→ **TASK GOAL**
Retyping the records exactly, down to the last line, is the whole job.
= = =
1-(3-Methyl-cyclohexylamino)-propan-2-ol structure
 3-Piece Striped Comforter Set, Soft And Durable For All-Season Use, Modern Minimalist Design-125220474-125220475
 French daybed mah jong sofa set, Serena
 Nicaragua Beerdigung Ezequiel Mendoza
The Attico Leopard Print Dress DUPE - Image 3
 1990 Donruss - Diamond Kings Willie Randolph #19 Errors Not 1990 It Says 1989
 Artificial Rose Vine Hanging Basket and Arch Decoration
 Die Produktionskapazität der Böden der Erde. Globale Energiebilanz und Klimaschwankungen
= = =
→ **SOLUTION FOR THIS TASK**
1-(3-Methyl-cyclohexylamino)-propan-2-ol structure
 3-Piece Striped Comforter Set, Soft And Durable For All-Season Use, Modern Minimalist Design-125220474-125220475
 French daybed mah jong sofa set, Serena
 Nicaragua Beerdigung Ezequiel Mendoza
The Attico Leopard Print Dress DUPE - Image 3
 1990 Donruss - Diamond Kings Willie Randolph #19 Errors Not 1990 It Says 1989
 Artificial Rose Vine Hanging Basket and Arch Decoration
 Die Produktionskapazität der Böden der Erde. Globale Energiebilanz und Klimaschwankungen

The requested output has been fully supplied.